___ Record extracts

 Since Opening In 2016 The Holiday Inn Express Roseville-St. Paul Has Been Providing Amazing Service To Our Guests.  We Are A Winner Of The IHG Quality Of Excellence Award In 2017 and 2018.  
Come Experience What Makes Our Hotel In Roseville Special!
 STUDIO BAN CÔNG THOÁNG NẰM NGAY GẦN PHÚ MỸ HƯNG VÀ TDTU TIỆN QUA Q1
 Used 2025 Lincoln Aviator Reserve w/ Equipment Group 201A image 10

______
___ Record extracts

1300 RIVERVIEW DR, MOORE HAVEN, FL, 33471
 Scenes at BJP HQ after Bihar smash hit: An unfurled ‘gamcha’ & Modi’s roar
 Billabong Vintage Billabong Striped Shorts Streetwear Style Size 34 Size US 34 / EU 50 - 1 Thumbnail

______
___ Record extracts

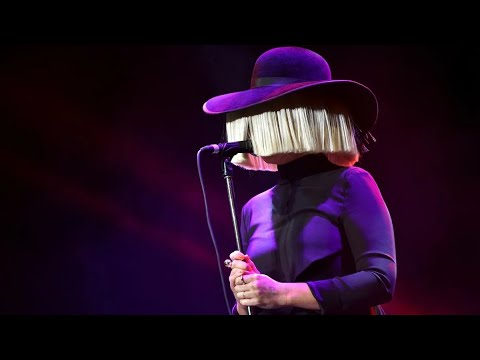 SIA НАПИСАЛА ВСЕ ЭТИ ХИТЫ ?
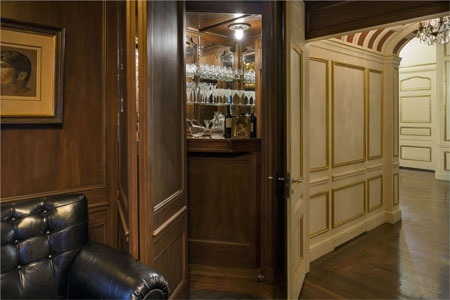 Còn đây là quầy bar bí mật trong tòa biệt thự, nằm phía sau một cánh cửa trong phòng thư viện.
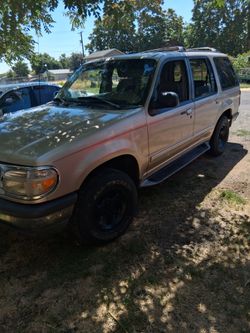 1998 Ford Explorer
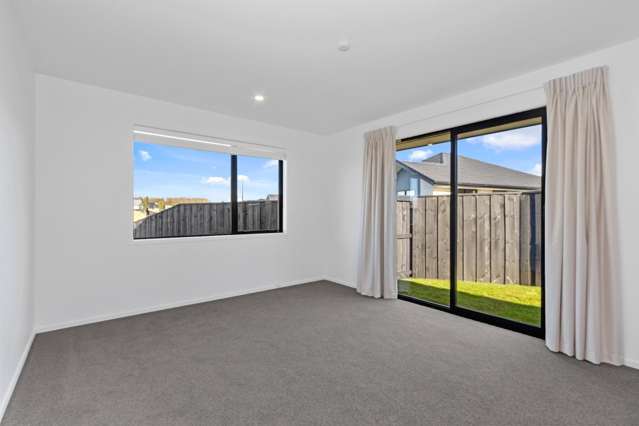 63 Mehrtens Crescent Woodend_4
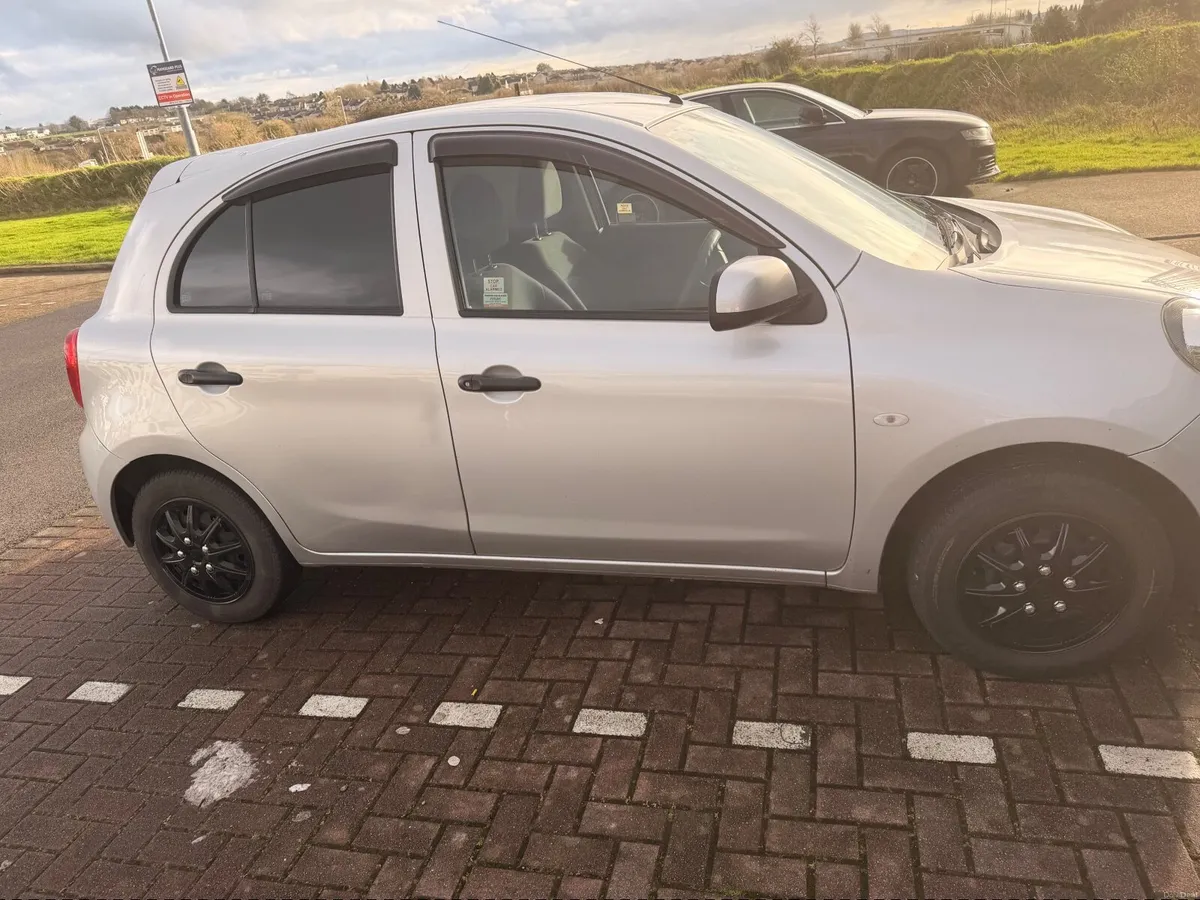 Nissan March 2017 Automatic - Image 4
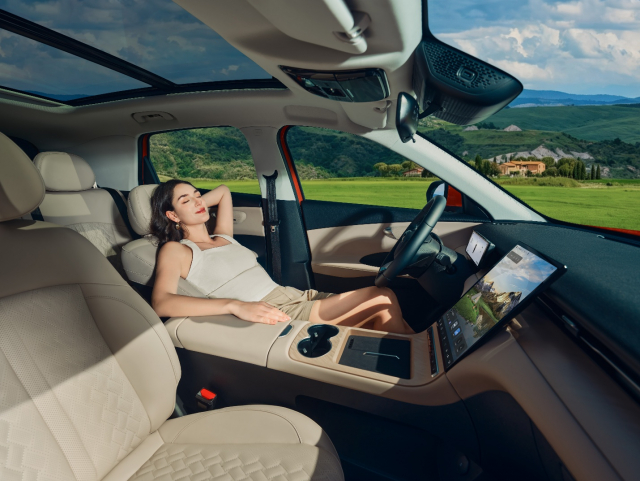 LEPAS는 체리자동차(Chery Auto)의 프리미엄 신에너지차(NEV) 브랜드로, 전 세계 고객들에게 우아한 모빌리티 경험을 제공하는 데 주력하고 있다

______

*Task details*:
Lines holding the word "Roseville" should be copied from the entries above.

*Solution for this exercise*:
 Since Opening In 2016 The Holiday Inn Express Roseville-St. Paul Has Been Providing Amazing Service To Our Guests.  We Are A Winner Of The IHG Quality Of Excellence Award In 2017 and 2018.  
Come Experience What Makes Our Hotel In Roseville Special!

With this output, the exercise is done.